What you have to do: Could you return all of the entries word for word, minus any pictures?

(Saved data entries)
+--
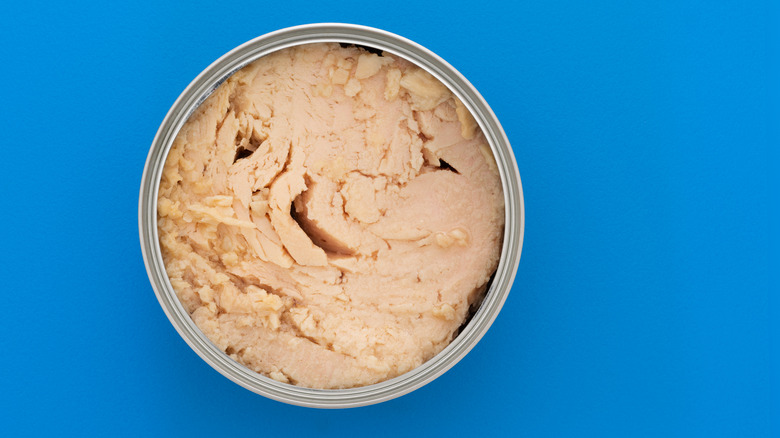 can of white albacore tuna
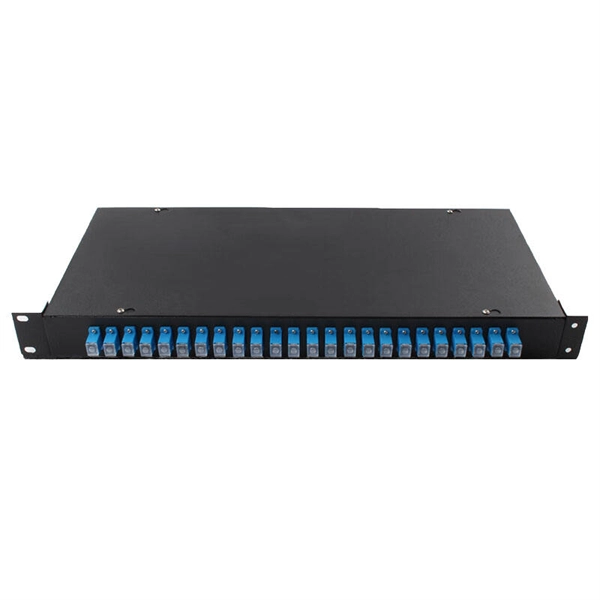 Cable plug-in type distribution box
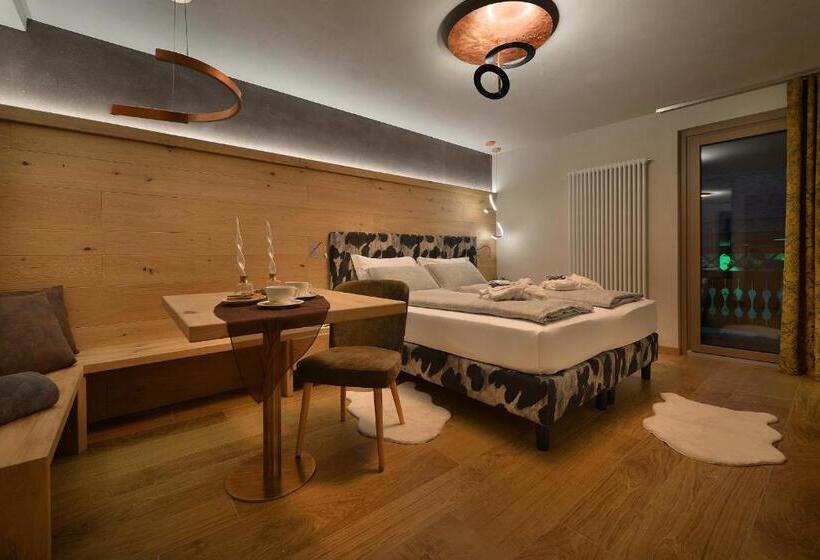 اتاق لوکس با بالکن, Compagnoni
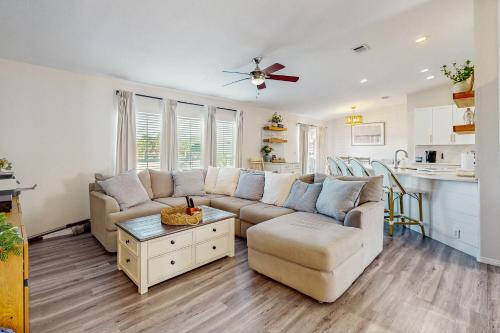 Gulf Cove House | Harbor Hideaway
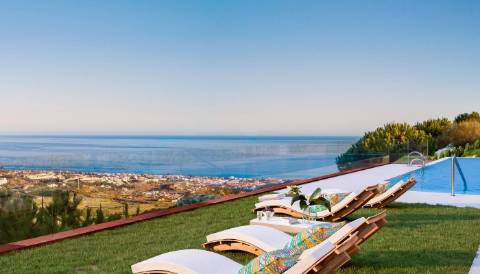 Apartamento T3 com varanda.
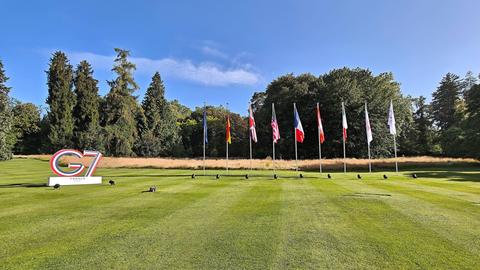 Évian-les-Bains, Frankreich, G7-Gipfel: Im Garten des Hotel Royal sind das Logo und die Fahnen der teilnehmenden Länder aufgestellt.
+--
Your solution:
 can of white albacore tuna
 Cable plug-in type distribution box
 اتاق لوکس با بالکن, Compagnoni
 Gulf Cove House | Harbor Hideaway
 Apartamento T3 com varanda.
 Évian-les-Bains, Frankreich, G7-Gipfel: Im Garten des Hotel Royal sind das Logo und die Fahnen der teilnehmenden Länder aufgestellt.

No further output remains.